Dan Bonachea's CS 265 Expert Topic Page
Array Access Loop Optimizations
At a recent Titanium project meeting, a need was expressed for
adding optimizations in the Titanium compiler to streamline accesses to Java arrays within
loops (currently, Titanium array accesses within foreach loops are highly optimized, but
Java array accesses and all accesses within Java for loops apparently are not). I was
encouraged by the group to pursue the addition of these optimizations as my 265 semester
project to help alleviate bottlenecks which have been demonstrated in legacy Java
benchmarks compiled under Titanium. This seems like a worthwhile and reasonable goal for
my semester research project, and I've chosen my "expert topic" to provide
support for this project.
Therefore, Id like my topic to deal with the optimization of array accesses
within loops. If this topic seems overly broad, then I can confine my study to one or more
of the typical constituent optimizations such as invariant code motion, strength reduction
or induction variable elimination.
I've concluded my investigation of my expert topic. My lecture on 4/6
covered various topics in loop optimization (invariant and induction variable analysis,
reassociation, strength reduction, linear test replacement) and bounds checking
elimination. The lecture focused on the material in ARZ Ch. 9 (for the loop
optimizations) and the Gupta 93 paper (for
the bounds checking elimination).
Here are the lecture notes (they were drawn from
- Main notes - These are my high-level, narrative slides
- Motivating Example - from (Allen, Cocke, and Kennedy 81)
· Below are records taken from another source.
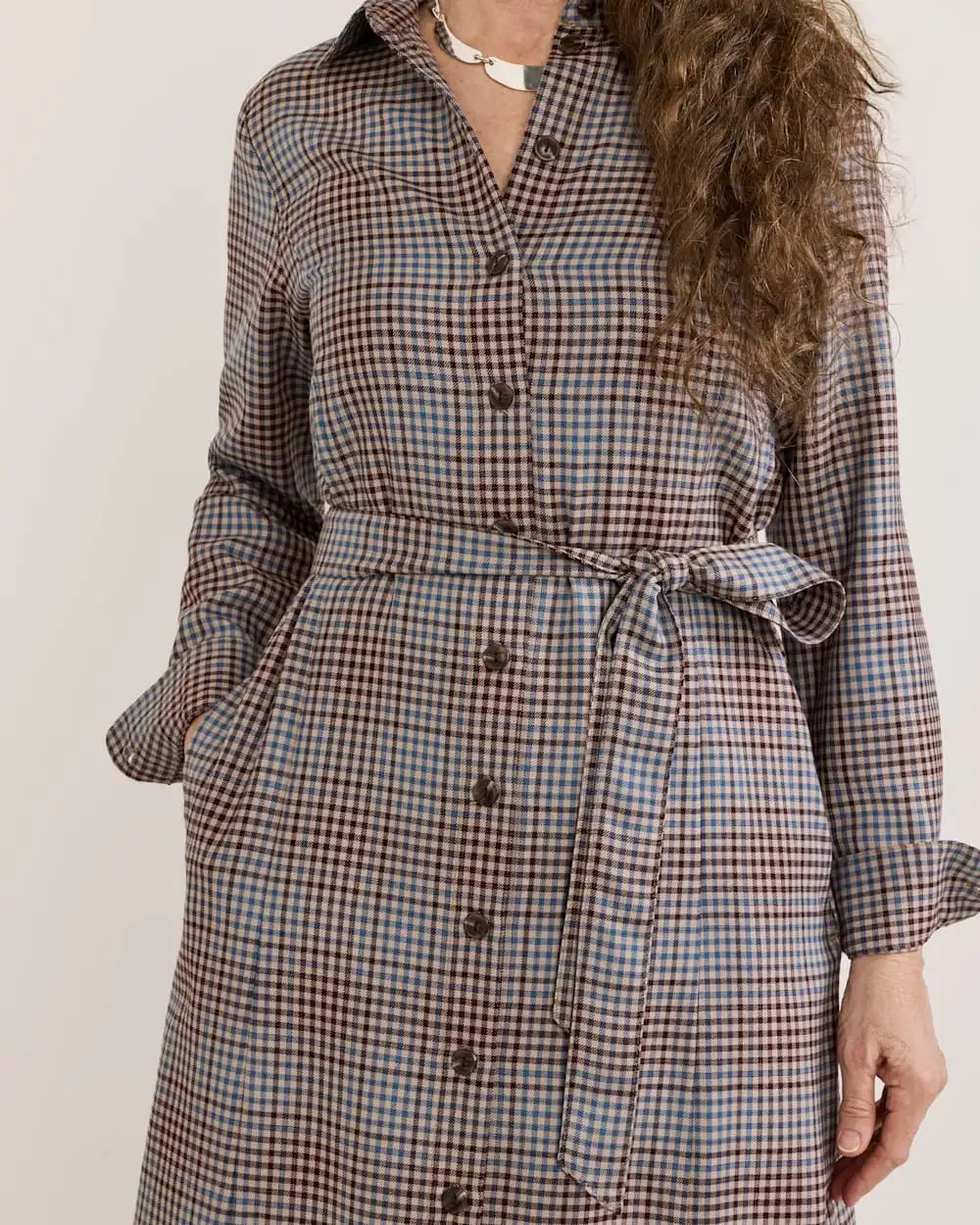 WOMEN'S PLAID WORSTED WOOL SHIRT DRESS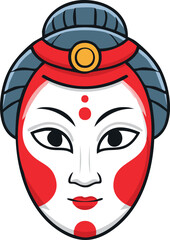 A stylized illustration of a Japanese Geisha mask with red and white face paint and a blue headdress.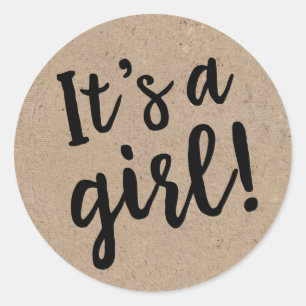 It's A Girl Trendy Script, Kraft Classic Round Sticker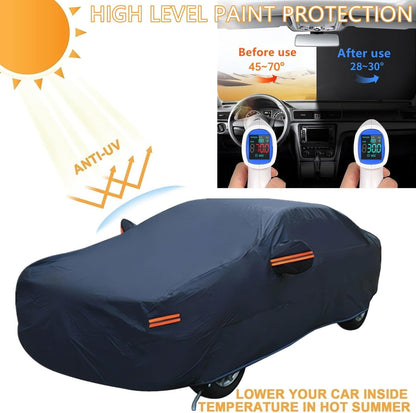 SUV Full Car Cover WaterproofDustproof, UV Protection, Windproof,Sunproof, Scratch-Resistant, BreathableT190 Oxford Fabric with Reflective Stripfor Outdoor & indoor Use -Fits Most SUVs (SUVs, 210.6")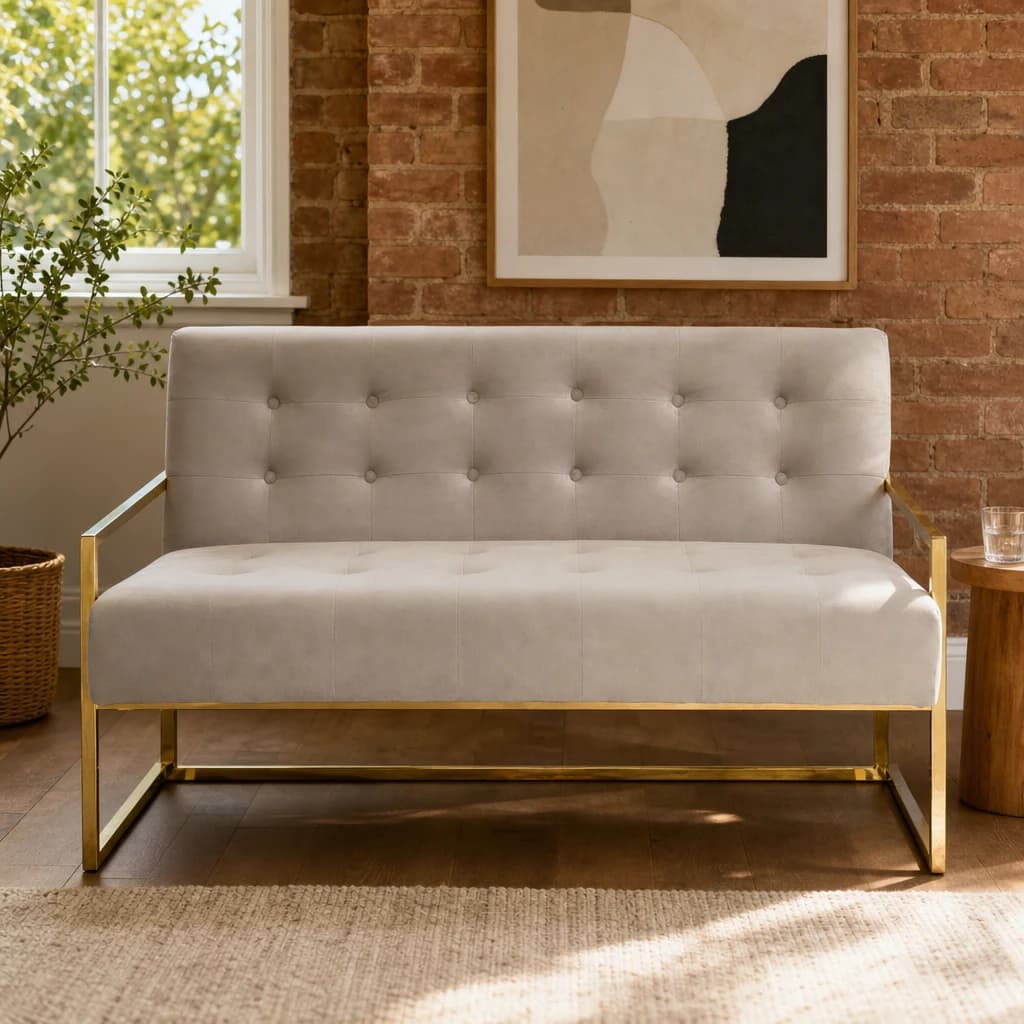 Azalea Two Seat Mink Velvet Sofa - Seating, photo 1 of 7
- All other examples I showed came directly from ARZ Ch. 9 and the Gupta 93 paper
Loop Optimization Resources (in rough order of
- Peter Markstein, Victoria Markstein and Kenneth Zadeck. "Strength
Reduction", Ch. 9 from Optimization in Compilers, edited by Allen, Rosen and
Zadeck (unpublished textbook) 1992.
- This is the basis for the loop optimization algorithms I presented in class,
and uses the same motivating example. After hearing my lecture you should be able to read
it pretty smoothly and understand what's going on. This seems to be the only source that
uses SSA to perform all the loop optimizations, and they do so quite naturally and
successfully - the algorithms they present are simpler and more powerful than the
conventional (non-SSA) approaches described elsewhere in the literature. The text also
goes into more depth on some of the architecture-specific optimizations that we glossed
- Michael Gerlek, Eric Stoltz, Michael Wolfe, "Beyond Induction Variables:
Detecting and Classifying Sequences Using a Demand-Driven SSA Form", ACM Transactions
on Programming Languages and Systems, January 1995.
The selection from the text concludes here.